Commence is a company focused on data-centric transformation in healthcare. As a Senior Site Reliability Engineer, you will ensure the reliability and operational health of the healthcare data platform, bridging engineering and operations while implementing observability and automation solutions.
Responsibilities:
- Design, implement, and own observability infrastructure including metrics, logging, tracing, and alerting across distributed systems
- Define and enforce SLOs, SLIs, and error budgets in partnership with product and engineering teams
- Lead incident response: triage, coordinate remediation, conduct blameless post-mortems, and drive systemic fixes
- Build and maintain CI/CD pipelines that support rapid, safe delivery of changes to production
- Collaborate with engineering teams on infrastructure changes; able to read, modify, and contribute to existing infrastructure-as-code (Terraform or CloudFormation)

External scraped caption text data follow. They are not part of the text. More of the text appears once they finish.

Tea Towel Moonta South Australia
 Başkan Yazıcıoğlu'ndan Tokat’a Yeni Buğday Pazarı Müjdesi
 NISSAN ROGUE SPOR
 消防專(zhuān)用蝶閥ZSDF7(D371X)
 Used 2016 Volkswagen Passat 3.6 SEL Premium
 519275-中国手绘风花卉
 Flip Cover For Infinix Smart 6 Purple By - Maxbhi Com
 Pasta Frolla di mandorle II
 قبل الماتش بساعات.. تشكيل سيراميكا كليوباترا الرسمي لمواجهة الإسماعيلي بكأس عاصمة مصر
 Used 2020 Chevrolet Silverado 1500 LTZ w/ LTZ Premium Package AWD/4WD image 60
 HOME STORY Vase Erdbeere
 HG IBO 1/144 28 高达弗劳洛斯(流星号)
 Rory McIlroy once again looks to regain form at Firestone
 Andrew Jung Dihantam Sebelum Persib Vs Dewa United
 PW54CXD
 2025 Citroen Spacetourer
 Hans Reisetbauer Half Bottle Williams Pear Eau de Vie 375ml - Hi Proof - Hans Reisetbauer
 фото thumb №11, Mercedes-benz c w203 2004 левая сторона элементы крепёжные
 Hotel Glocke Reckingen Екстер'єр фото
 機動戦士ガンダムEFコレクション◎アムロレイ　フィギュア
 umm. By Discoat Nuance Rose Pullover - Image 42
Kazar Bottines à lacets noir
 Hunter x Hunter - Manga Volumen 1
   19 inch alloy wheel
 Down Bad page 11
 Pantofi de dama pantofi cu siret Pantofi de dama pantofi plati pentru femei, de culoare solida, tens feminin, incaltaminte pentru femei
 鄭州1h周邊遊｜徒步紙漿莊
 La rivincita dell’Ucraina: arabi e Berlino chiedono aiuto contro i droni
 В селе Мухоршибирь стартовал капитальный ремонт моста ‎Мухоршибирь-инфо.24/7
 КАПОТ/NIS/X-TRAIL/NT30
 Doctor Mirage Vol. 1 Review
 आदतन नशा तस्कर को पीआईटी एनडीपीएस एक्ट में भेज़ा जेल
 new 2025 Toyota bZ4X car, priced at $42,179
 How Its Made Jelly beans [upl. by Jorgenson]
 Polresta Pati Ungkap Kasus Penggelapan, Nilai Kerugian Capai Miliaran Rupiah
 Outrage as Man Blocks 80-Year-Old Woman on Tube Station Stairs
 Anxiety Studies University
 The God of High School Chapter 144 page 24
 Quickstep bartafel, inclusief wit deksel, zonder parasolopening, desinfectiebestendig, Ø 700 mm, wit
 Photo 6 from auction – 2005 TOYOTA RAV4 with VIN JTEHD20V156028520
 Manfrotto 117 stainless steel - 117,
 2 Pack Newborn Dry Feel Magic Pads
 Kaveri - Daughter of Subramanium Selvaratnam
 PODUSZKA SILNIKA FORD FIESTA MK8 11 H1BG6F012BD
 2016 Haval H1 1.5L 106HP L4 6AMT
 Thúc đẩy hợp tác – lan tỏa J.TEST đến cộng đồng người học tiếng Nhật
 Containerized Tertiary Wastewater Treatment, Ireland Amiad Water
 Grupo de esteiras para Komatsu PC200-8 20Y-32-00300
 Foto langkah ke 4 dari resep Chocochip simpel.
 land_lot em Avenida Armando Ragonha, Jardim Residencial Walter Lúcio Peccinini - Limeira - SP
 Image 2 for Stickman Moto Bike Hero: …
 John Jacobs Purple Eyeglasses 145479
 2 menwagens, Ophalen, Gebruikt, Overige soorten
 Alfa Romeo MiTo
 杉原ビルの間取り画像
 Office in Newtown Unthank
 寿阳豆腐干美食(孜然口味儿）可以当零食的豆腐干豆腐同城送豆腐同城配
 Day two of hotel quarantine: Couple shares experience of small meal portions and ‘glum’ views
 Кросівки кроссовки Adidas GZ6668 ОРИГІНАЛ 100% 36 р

- Design and operate highly available, fault-tolerant systems—including auto-scaling, failover, and disaster recovery strategies
- Reduce operational toil through automation; eliminate manual processes before they become habits
- Collaborate with software engineers to establish reliability-first design patterns and review architectures for operational risk
- Manage Kubernetes or container orchestration environments at scale
- Ensure systems meet compliance and security requirements, particularly those applicable to healthcare data (HIPAA, SOC 2)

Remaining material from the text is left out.